In Metrowest, small homes on tiny lots are usually cottages and their location is almost always along bottom-land near oceans, rivers, lakes and streams. While cottage is a hard style to describe, there are a few distinguishing characteristics – the most sweeping generality being that it is a very informal style.
In addition, they are: boxy, simple architecture without any ornamentation; low, almost flat gabled roofs with overhanging eaves; and tiny windows and doors installed to catch shade and breezes without regard to symmetry or style. They can be made up of a Hodge-podge of easily available materials and stories abound about cottages made from recycled shipping pallets, crates and scrap lumber.
Unlike the cottages found in the Caribbean and island locations, most original New England cottages began as homes for poor people or were built on large estates to cheaply house the help. In the 1950’s they were built en masse as country vacation homes for the growing middle class, and in the following decades those homes have been “winterized” and updated to become year-round communities.

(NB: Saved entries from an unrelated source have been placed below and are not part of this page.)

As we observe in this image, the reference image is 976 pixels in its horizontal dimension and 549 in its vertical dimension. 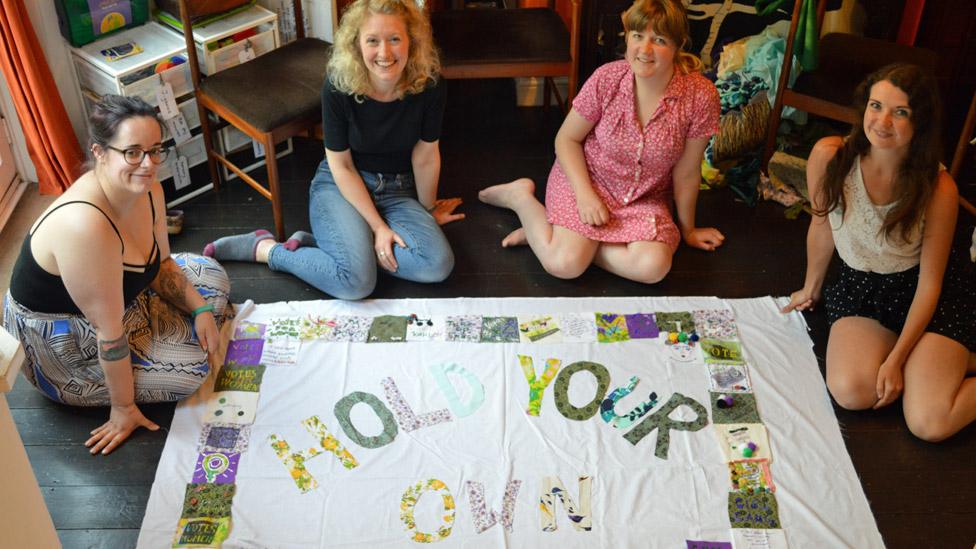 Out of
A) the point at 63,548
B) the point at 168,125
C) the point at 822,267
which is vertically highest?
the point at 168,125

Cottages are ideal starter homes and are usually the lowest priced segment of their market. Recent trends indicate that they are appealing to the baby boomers who are looking to scale down for lifestyle or economic reasons and want to be part of a waterside community. Because of the buyer pool attracted to these homes, fixing up a cottage without increasing the living area is generally not considered a good investment. However if you update one for your own quality of living, you will usually increase the “curb appeal” and saleability.